Start of DATA BELOW

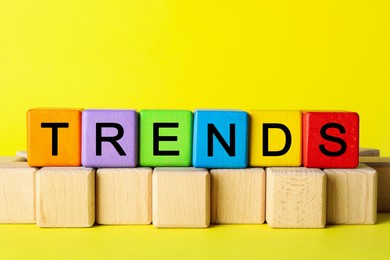 Image of Word Trends made of colorful cubes with letters on yellow background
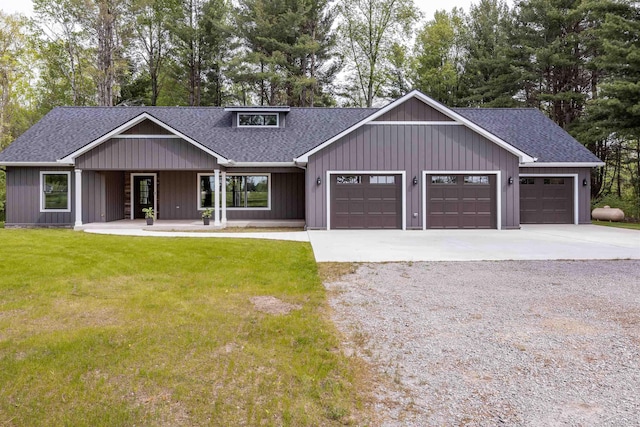2291 E Maple Rd, Clare, MI 48617 - view of front facade with roof with shingles, driveway, a garage, a front lawn, and a porch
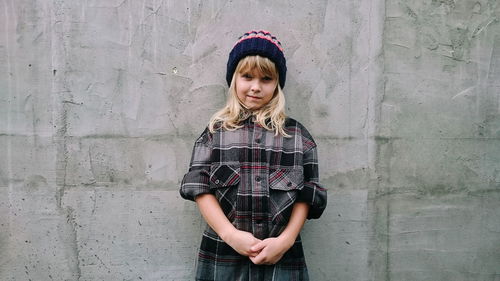 Portrait of blond girl standing against concrete wall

End of DATA BELOW

# EXERCISE:
Leave the pictures out and return the rest of the material exactly.

# ANSWER BOX:
 Image of Word Trends made of colorful cubes with letters on yellow background
2291 E Maple Rd, Clare, MI 48617 - view of front facade with roof with shingles, driveway, a garage, a front lawn, and a porch
 Portrait of blond girl standing against concrete wall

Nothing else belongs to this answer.